# the letters...



## bev (Feb 27, 2009)

A husband wrote the following letter for his wife and left it on the dining room table: 


To My Dear Wife, 

You will surely understand that I have certain needs that you, being 54 years old, can no longer satisfy. I am very happy with you & I value you as a good wife. Therefore, after reading this letter, I hope that you will not wrongly interpret the fact that I will be spending the evening with my 18 year old secretary at the Comfort Inn Hotel. Please don't be upset - I shall be home before midnight.' 

John 


When the man came home late that night, he found the following letter on the dining room table: 


My Dear Husband, 

I received your letter and thank you for your honesty about my being 54 years old. I would like to take this opportunity to remind you that you are also 54 years old. As you know, I am a maths teacher at our local college. I would like to inform you that while you read this, I will be at the Marriot Hotel with Michael, one of my students, who is also on the tennis team.
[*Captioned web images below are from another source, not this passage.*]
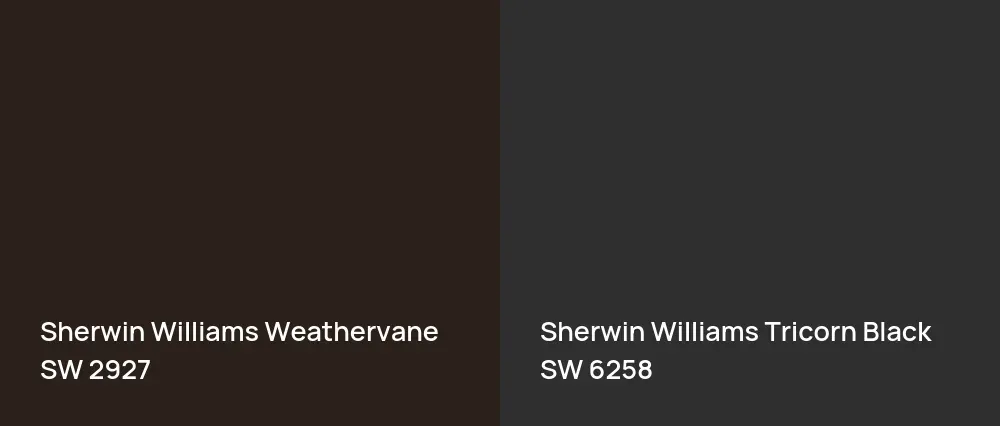 Sherwin Williams Weathervane SW 2927 vs Sherwin Williams Tricorn Black SW 6258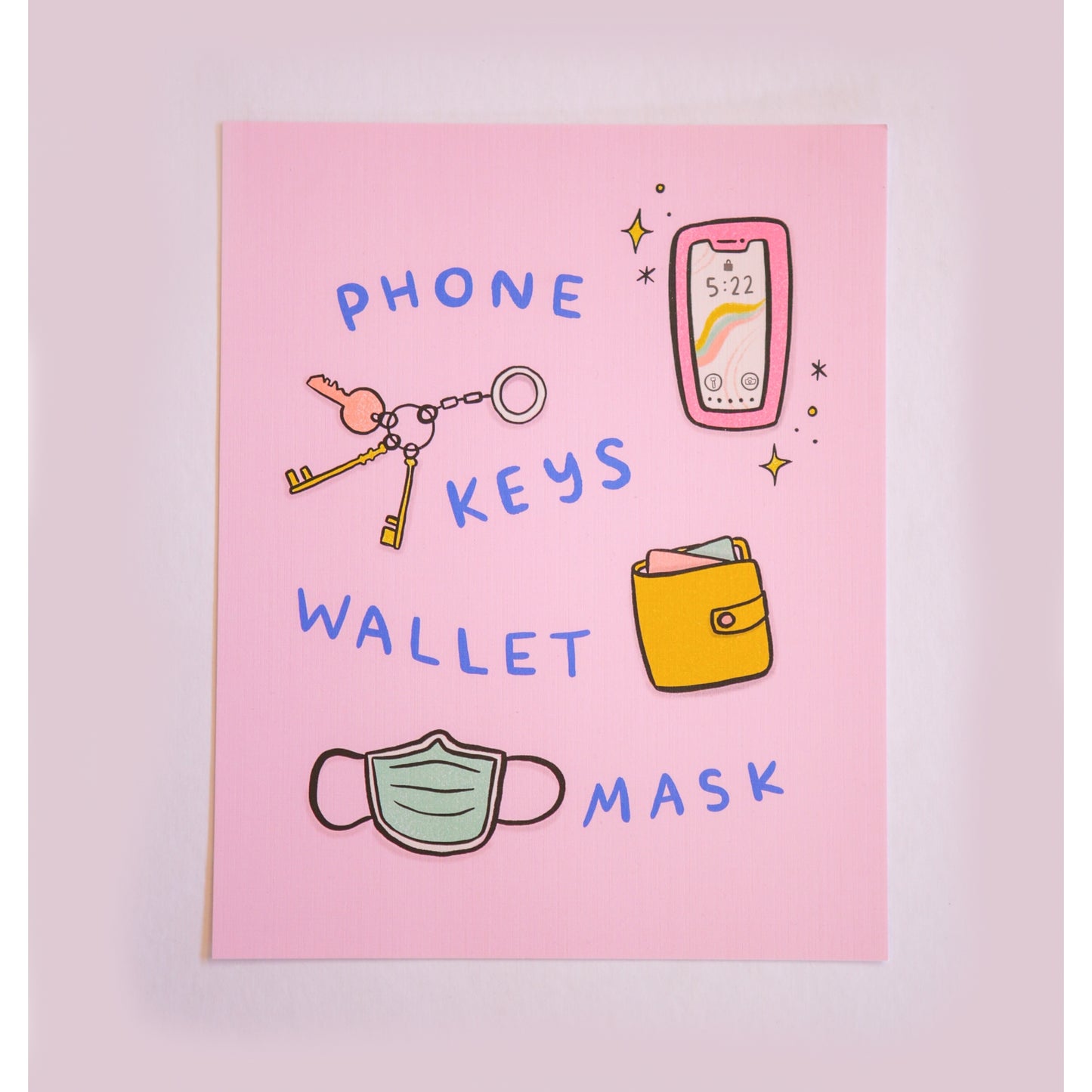 Phone Keys Wallet Mask Print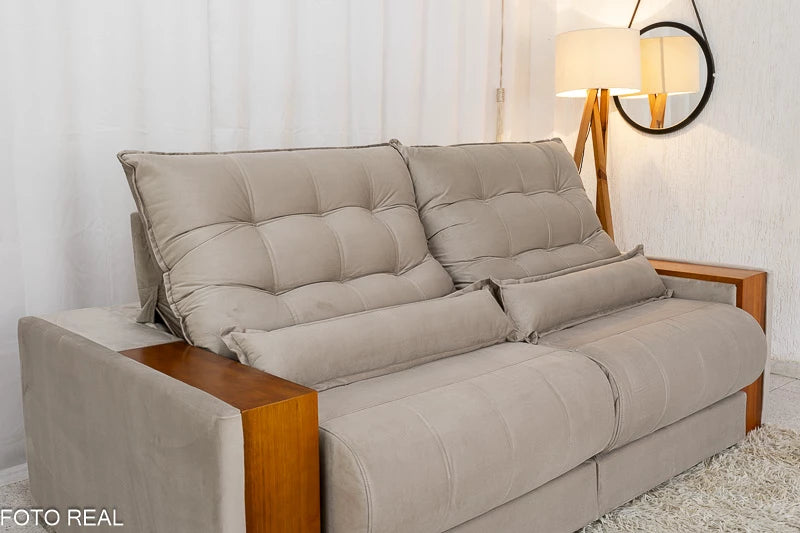 Sofá Retrátil Reclinável 2.30m Gênova Veludo Bege  - Molas Ensacadas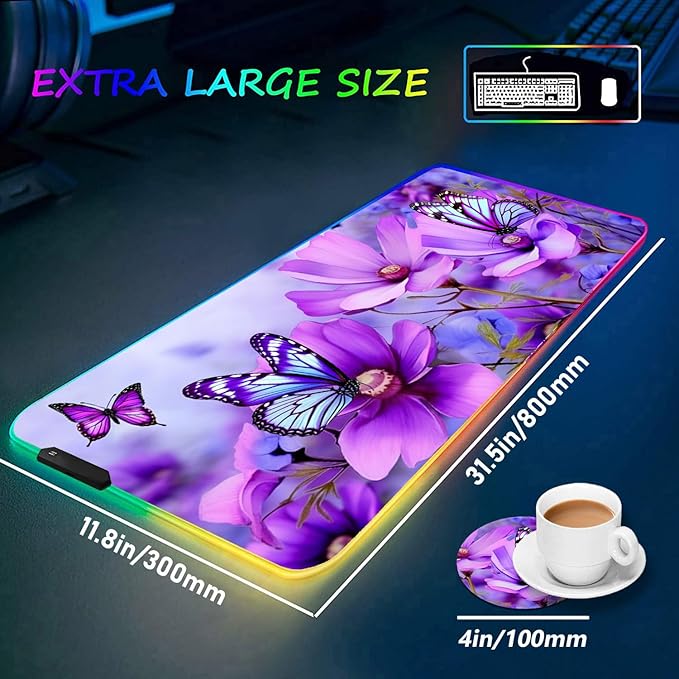 RGB Gaming Mouse Pad and Coffee Coaster XXL Large Glowing LED Mousepad Anti-Slip Rubber Base Computer Keyboard Desk Mouse Mat 31.5 X 11.8 Inch - Purple Flowers and Butterfly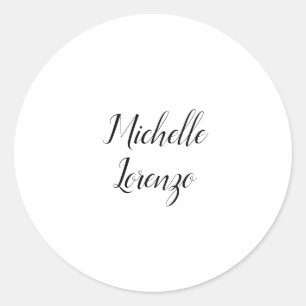 Sticker Rond Professionnel Moderne Simple Uni Noir & Blanc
He is young, virile, and like your secretary, is 18 years old. 

As a successful businessman who has an excellent knowledge of Maths, you will understand although it may appear that we are in the same situation, there is one mathematical difference: 18 goes into 54 a lot more times than 54 goes into 18. 

Therefore, I will not be home until sometime tomorrow.' 

Janet

Bev[/B]


----------



## kojack (Feb 27, 2009)

Trying to find all the factors of 72.

Er - 1

Oh dear ..... forgotten what I was doing.


----------



## Caroline (Feb 27, 2009)

My husband is 9 years older than me and has wonky knees, I wont tell him about my joy boy!
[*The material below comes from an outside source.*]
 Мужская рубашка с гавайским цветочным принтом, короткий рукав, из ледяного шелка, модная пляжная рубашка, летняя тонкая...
p.s I did mean joy although as he is that much younger he can also be a toy boy too.


----------



## katie (Feb 27, 2009)

Caroline said:


> My husband is 9 years older than me and has wonky knees, I wont tell him about my joy boy!
> 
> p.s I did mean joy although as he is that much younger he can also be a toy boy too.


----------



## mikep1979 (Feb 28, 2009)

lol i love it bev!!! im 6 years older than my partner and she is always sayin she will be trading me in for a younger model soon lol


----------



## HOBIE (Jul 2, 2017)

I am 54 now !  Should I be worried ?


----------



## mikeyB (Jul 2, 2017)

Try being 64, Hobie


----------



## trophywench (Jul 2, 2017)

Hark at all you youngsters!


----------



## Ralph-YK (Jul 2, 2017)

I'm 53.


----------



## HOBIE (Jul 2, 2017)

Try being  T1 since being since being 3


----------



## Cookiemonster2017 (Jul 17, 2017)

Well I feel young 
sorry a bit late to the party on this one!


----------